Neu ist der Befund, dass das Netzwerk mit anderen Hirnregionen interagiert. Mithilfe einer PPI-Analyse (Psychophysiological Interaction) – ein Verfahren, bei dem man grob gesagt die Verknüpfung von Hirnregionen testet – konnten die Wissenschaftler nachweisen, dass beim Rezeptionsvorgang das ToM-Netzwerk mit dem Gyrus frontalis inferior in der Großhirnrinde zusammenarbeitet. Diese Struktur fungiert als Sprachzentrum. "Unsere Studie hat veranschaulicht, wie das motorische Sprachzentrum und das ToM-Netzwerk bei der Interpretation von Sätzen interagieren", resümiert Studienleiter Nicola Spotorno.
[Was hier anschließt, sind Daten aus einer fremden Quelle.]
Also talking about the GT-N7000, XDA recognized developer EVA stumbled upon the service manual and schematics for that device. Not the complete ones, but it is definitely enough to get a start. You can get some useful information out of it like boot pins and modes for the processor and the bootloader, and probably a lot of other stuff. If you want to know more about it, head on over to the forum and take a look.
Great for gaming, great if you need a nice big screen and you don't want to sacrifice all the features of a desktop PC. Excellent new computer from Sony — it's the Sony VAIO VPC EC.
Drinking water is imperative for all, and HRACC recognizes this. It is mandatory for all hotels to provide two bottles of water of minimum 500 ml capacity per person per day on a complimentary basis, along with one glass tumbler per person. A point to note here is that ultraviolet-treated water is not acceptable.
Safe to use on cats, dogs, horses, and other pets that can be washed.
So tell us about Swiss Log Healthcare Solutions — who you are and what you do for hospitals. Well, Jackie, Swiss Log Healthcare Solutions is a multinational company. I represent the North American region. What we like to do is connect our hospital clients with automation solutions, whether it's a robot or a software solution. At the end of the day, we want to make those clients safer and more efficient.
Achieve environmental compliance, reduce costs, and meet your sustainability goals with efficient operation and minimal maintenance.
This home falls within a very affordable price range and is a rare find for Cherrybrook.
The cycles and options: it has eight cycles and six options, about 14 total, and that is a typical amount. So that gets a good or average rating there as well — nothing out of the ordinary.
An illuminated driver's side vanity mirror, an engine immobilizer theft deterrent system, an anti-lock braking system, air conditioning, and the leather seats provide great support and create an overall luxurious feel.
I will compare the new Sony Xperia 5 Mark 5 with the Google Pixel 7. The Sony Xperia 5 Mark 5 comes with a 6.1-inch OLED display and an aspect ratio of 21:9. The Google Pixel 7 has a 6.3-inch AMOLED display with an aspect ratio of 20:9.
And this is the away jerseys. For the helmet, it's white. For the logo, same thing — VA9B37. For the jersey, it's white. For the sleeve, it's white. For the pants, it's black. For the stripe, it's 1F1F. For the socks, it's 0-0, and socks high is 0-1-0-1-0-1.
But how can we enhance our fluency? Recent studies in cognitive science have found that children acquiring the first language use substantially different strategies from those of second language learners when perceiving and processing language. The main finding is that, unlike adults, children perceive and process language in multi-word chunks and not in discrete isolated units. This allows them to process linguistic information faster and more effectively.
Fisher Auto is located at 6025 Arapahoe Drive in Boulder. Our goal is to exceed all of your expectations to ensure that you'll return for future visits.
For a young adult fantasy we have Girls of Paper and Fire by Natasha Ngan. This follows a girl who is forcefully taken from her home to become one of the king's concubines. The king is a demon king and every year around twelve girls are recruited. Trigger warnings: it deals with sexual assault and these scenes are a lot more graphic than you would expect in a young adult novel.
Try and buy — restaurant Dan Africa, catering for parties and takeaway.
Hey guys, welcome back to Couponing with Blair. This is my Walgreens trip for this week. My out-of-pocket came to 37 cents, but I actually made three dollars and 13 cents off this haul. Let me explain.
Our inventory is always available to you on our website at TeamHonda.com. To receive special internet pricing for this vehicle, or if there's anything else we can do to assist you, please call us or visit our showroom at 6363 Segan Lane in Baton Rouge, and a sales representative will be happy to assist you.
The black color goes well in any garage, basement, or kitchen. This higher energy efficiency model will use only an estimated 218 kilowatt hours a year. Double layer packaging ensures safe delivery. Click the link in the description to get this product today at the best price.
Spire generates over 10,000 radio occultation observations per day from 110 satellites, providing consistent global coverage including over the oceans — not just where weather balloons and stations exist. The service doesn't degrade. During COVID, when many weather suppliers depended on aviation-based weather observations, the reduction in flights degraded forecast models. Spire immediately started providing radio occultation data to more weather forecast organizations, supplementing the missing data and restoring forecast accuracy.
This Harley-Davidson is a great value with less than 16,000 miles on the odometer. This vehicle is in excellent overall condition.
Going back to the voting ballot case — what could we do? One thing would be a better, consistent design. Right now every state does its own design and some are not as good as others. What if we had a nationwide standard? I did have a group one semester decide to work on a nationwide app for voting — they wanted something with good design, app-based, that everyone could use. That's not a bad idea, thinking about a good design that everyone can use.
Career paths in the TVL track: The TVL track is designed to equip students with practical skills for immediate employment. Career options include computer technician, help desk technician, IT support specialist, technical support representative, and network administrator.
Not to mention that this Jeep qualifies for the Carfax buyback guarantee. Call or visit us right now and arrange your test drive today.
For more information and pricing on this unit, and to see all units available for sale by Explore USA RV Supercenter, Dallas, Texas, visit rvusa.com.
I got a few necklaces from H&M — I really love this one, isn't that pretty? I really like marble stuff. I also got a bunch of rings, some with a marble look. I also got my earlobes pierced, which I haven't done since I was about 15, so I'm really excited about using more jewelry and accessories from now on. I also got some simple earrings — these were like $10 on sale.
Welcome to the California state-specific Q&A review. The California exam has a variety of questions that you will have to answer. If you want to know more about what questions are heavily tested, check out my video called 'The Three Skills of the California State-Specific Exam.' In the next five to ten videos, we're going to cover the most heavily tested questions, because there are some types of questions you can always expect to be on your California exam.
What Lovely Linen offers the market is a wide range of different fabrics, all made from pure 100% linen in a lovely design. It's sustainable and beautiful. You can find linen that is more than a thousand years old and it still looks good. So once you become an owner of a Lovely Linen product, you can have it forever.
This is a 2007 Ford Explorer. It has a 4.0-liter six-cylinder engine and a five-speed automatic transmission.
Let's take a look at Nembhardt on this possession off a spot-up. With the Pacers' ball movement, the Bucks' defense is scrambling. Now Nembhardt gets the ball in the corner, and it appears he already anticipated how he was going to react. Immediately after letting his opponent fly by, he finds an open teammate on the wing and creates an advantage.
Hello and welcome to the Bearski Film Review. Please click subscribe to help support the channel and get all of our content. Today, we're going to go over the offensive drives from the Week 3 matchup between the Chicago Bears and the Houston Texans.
Das Ergebnis könnte helfen, tiefgreifreifende Entwicklungsstörungen wie Autismus besser zu verstehen. Autisten interpretieren Sätze oft im Wortsinn und verstehen nicht die Bedeutung zwischen den Zeilen. Lange Zeit nahm die Wissenschaft an, dass Autisten keine Theory of Mind besäßen. Diese Annahme gilt inzwischen als widerlegt.

Eine Fülle nonverbaler und verbaler Signale

Vor dem Hintergrund der jüngsten Erkenntnis erscheint das Sozial- und Kommunikationsverhalten in einem neuen Licht. Das ToM-Netzwerk ist ein wahres Sprachlabor und entziffert eine Fülle nonverbaler und verbaler Signale – von der Körpersprache bis zum Kontext.

"Die Theory of Mind ist notwendig, um die Lücke zwischen linguistischem Code und dem sprachlichen Gehalt zu schließen", erklärt Spotorno. "Deshalb kann man annehmen, dass das ToM-Netzwerk zum Teil auch beim Verständnis buchstabengetreuer Aussagen aktiv ist."